See the following process outlined in the statute cited:

(b) A landlord is liable to a tenant as provided by this subchapter if:

(1) the tenant has given the landlord notice to repair or remedy a condition by giving that notice to the person to whom or to the place where the tenant's rent is normally paid;

(2) the condition materially affects the physical health or safety of an ordinary tenant;

(3) the tenant has given the landlord a subsequent written notice to repair or remedy the condition after a reasonable time to repair or remedy the condition following the notice given under Subdivision (1) or the tenant has given the notice under Subdivision (1) by sending that notice by certified mail, return receipt requested, or by registered mail, or by another form of mail that allows tracking of delivery from the United States Postal Service or a private delivery service;

(4) the landlord has had a reasonable time to repair or remedy the condition after the landlord received the tenant's notice under Subdivision (1) and, if applicable, the tenant's subsequent notice under Subdivision (3);

(5) the landlord has not made a diligent effort to repair or remedy the condition after the landlord received the tenant's notice under Subdivision (1) and, if applicable, the tenant's notice under Subdivision (3);  and

(6) the tenant was not delinquent in the payment of rent at the time any notice required by this subsection was given.

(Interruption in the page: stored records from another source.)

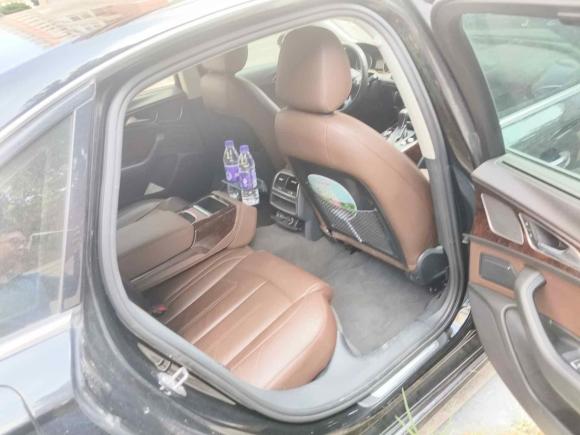 [杭州·浙A] 二手奥迪奥迪A6L2016款 TFSI 技术型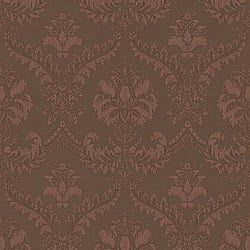Galerie Wallcoverings Product Code IS33338 - Italian Silks And Damasks Wallpaper Collection - Red Colours - Damasco Imperiale Design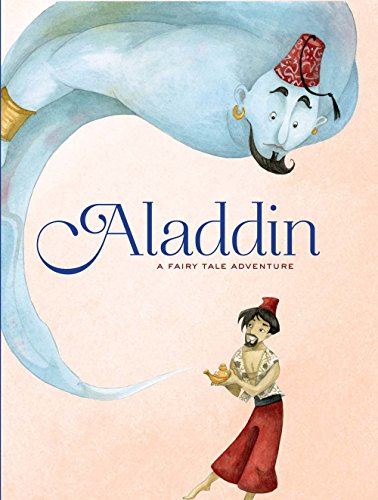 9781454915065: Aladdin: A Fairy Tale Adventure (Fairy Tale Adventures)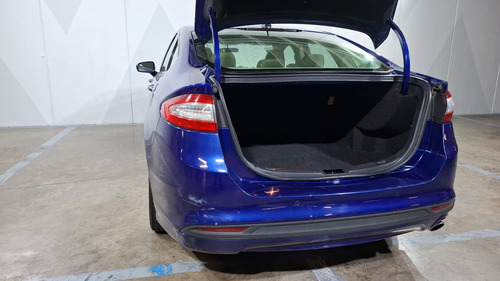Ford Fusion 2.5 SE I4 NAV MR AT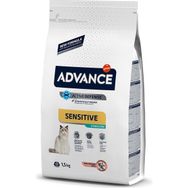 Advance Sterilized Kısırlaştırılmış Somonlu 1.5 kg Kedi Maması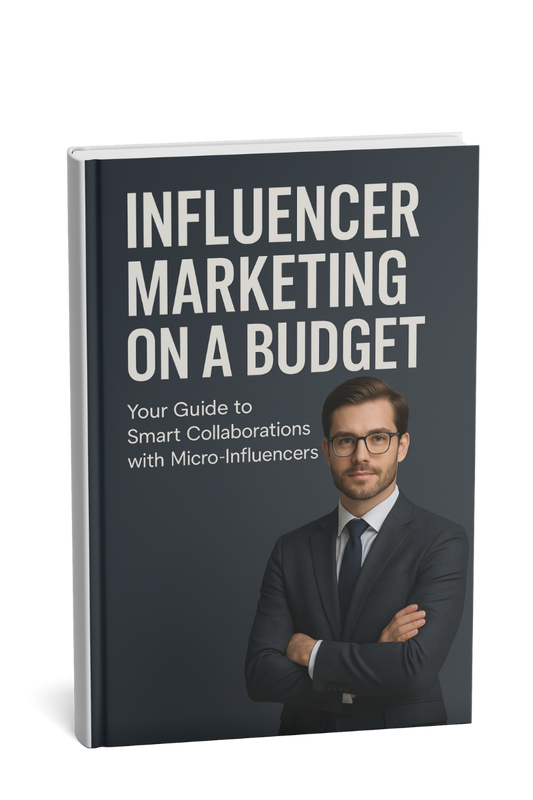 The Micro-Influencer Blueprint: Dominate Your Market on a Shoestring Budget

(c) For purposes of Subsection (b)(4) or (5), a landlord is considered to have received the tenant's notice when the landlord or the landlord's agent or employee has actually received the notice or when the United States Postal Service has attempted to deliver the notice to the landlord.

(d) For purposes of Subsection (b)(3) or (4), in determining whether a period of time is a reasonable time to repair or remedy a condition, there is a rebuttable presumption that seven days is a reasonable time.  To rebut that presumption, the date on which the landlord received the tenant's notice, the severity and nature of the condition, and the reasonable availability of materials and labor and of utilities from a utility company must be considered.

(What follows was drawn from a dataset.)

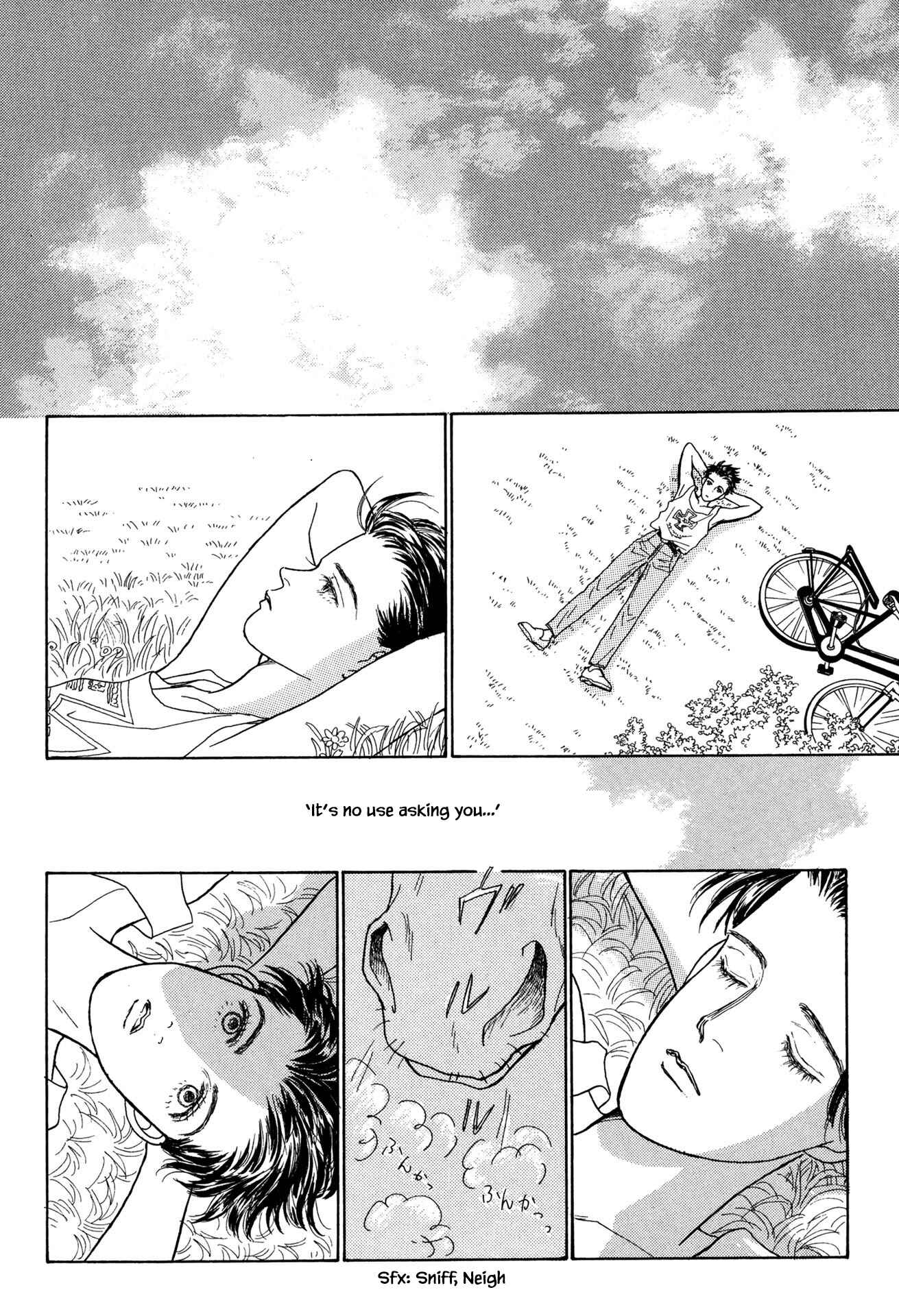 Page 17 Chapter 16.2 Sabbath Cafe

Expert:  Thelawman2 replied 1 month ago.

After you follow this process, the following remedies are available to you:

(e) Except as provided in Subsection (f), a tenant to whom a landlord is liable under Subsection (b) of this section may:

(1) terminate the lease;

(2) have the condition repaired or remedied according to Section 92.0561;

(3) deduct from the tenant's rent, without necessity of judicial action, the cost of the repair or remedy according to Section 92.0561;  and

(4) obtain judicial remedies according to Section 92.0563.

(f) A tenant who elects to terminate the lease under Subsection (e) is:

(1) entitled to a pro rata refund of rent from the date of termination or the date the tenant moves out, whichever is later;

(2) entitled to deduct the tenant's security deposit from the tenant's rent without necessity of lawsuit or obtain a refund of the tenant's security deposit according to law;  and

(3) not entitled to the other repair and deduct remedies under Section 92.0561 or the judicial remedies underSubdivisions (1) and (2) of Subsection (a) of Section 92.0563.